(Web page caption snippets)
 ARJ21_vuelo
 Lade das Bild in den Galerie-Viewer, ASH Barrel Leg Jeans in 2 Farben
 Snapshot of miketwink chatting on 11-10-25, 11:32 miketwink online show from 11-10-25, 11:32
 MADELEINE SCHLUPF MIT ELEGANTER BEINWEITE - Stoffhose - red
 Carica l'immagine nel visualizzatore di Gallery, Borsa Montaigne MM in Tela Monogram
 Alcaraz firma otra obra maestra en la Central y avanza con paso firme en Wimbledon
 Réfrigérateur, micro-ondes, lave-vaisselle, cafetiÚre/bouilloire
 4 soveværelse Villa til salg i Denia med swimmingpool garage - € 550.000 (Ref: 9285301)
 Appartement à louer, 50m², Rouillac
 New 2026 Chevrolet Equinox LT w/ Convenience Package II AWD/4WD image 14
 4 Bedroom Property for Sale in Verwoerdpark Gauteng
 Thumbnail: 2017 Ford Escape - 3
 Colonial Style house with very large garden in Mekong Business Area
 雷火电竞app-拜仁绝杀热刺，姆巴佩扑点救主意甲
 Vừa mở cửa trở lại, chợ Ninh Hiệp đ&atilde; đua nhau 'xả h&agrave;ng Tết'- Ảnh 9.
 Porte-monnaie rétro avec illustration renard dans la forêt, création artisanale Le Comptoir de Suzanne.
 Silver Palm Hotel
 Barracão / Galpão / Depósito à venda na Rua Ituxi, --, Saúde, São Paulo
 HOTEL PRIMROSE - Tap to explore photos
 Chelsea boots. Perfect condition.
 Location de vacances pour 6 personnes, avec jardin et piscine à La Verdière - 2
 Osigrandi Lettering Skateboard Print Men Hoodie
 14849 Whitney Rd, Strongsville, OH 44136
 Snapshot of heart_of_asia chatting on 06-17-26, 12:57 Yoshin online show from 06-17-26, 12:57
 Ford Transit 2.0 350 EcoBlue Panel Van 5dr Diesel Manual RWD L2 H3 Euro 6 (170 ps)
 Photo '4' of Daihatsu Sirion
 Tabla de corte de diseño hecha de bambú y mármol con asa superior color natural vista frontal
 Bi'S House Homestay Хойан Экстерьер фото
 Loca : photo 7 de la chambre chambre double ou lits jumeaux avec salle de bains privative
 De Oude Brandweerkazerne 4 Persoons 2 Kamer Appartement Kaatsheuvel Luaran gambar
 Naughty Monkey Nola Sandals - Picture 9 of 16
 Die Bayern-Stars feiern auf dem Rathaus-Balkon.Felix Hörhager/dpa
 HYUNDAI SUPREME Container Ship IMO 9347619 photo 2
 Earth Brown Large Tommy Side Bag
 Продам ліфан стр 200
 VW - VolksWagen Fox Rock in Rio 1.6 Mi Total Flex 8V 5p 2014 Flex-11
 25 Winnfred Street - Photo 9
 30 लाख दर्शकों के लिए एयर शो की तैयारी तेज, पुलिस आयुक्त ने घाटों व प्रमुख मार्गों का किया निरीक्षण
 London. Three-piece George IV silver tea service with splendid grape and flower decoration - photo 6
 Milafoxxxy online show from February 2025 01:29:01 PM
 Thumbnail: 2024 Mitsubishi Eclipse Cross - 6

» DIRECTIONS FOR THIS TASK
Please write out exactly the lines from the start of the data through the line that contains "Appartement à louer, 50m², Rouillac", both ends included, and nothing else.

» EXERCISE RESULT
 ARJ21_vuelo
 Lade das Bild in den Galerie-Viewer, ASH Barrel Leg Jeans in 2 Farben
 Snapshot of miketwink chatting on 11-10-25, 11:32 miketwink online show from 11-10-25, 11:32
 MADELEINE SCHLUPF MIT ELEGANTER BEINWEITE - Stoffhose - red
 Carica l'immagine nel visualizzatore di Gallery, Borsa Montaigne MM in Tela Monogram
 Alcaraz firma otra obra maestra en la Central y avanza con paso firme en Wimbledon
 Réfrigérateur, micro-ondes, lave-vaisselle, cafetiÚre/bouilloire
 4 soveværelse Villa til salg i Denia med swimmingpool garage - € 550.000 (Ref: 9285301)
 Appartement à louer, 50m², Rouillac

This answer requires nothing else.